THE PROBLEM: The output should match, line for line, the records from the line containing "1216 Broadway" through the line containing "Bon prix Pièces", with every picture left out.

EXCERPTED RECORDS:
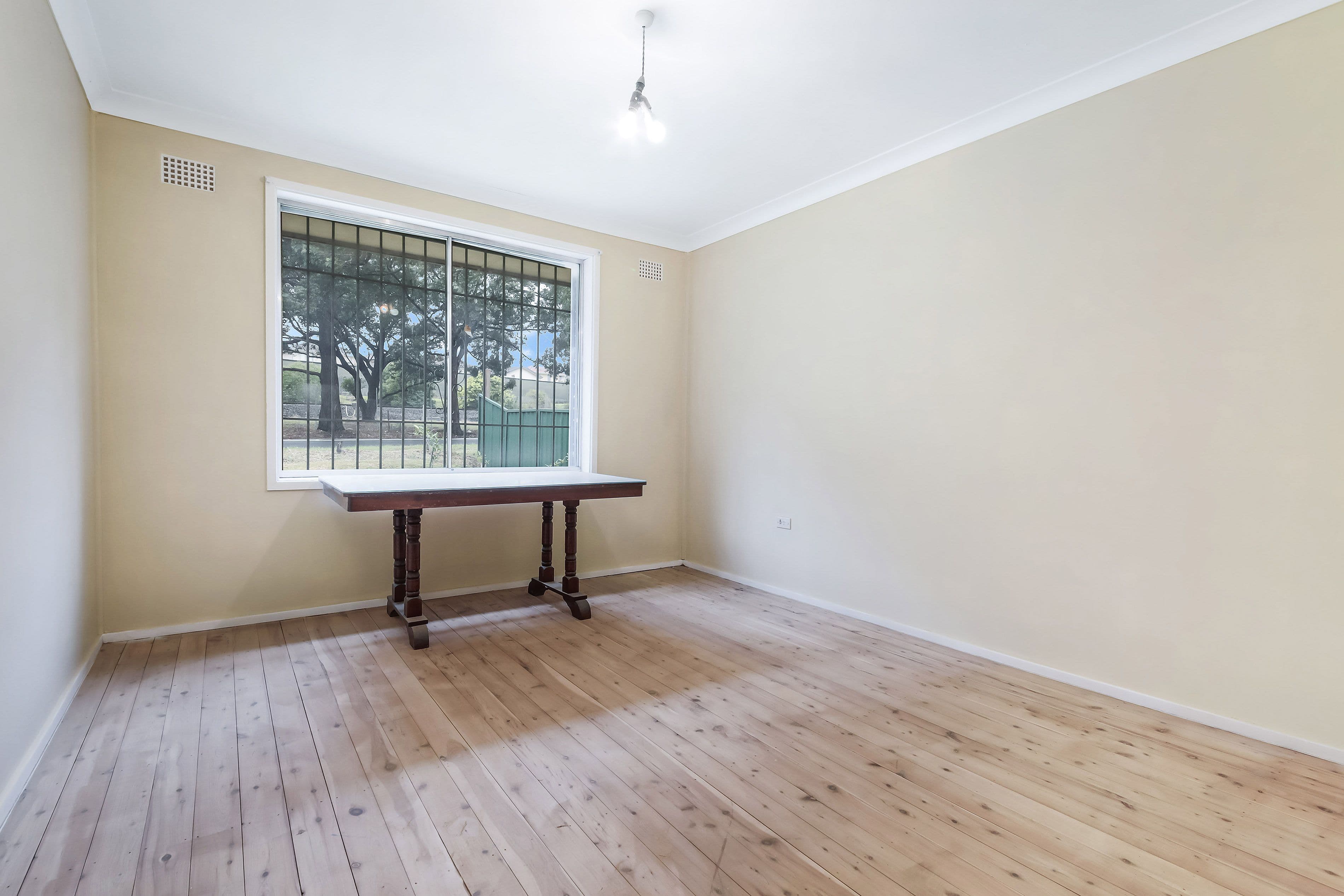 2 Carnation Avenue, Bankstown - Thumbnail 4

...

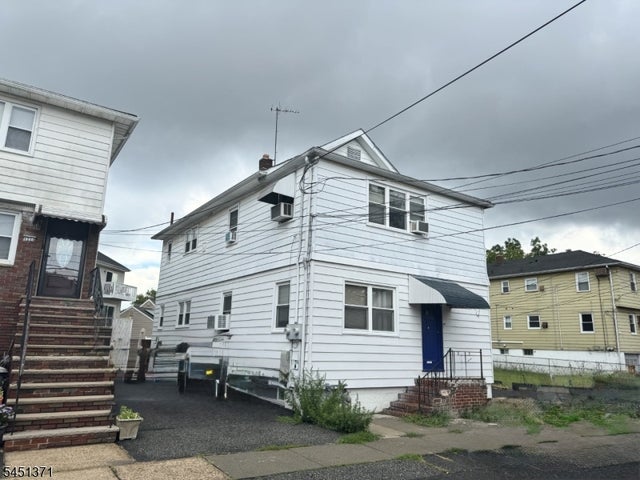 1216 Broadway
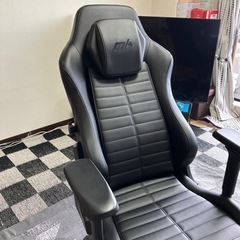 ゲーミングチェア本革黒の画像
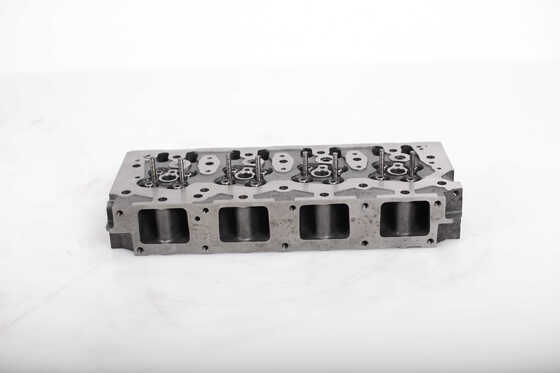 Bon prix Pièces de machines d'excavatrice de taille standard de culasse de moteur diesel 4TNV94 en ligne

RESPONSE:
 1216 Broadway
 ゲーミングチェア本革黒の画像
 Bon prix Pièces de machines d'excavatrice de taille standard de culasse de moteur diesel 4TNV94 en ligne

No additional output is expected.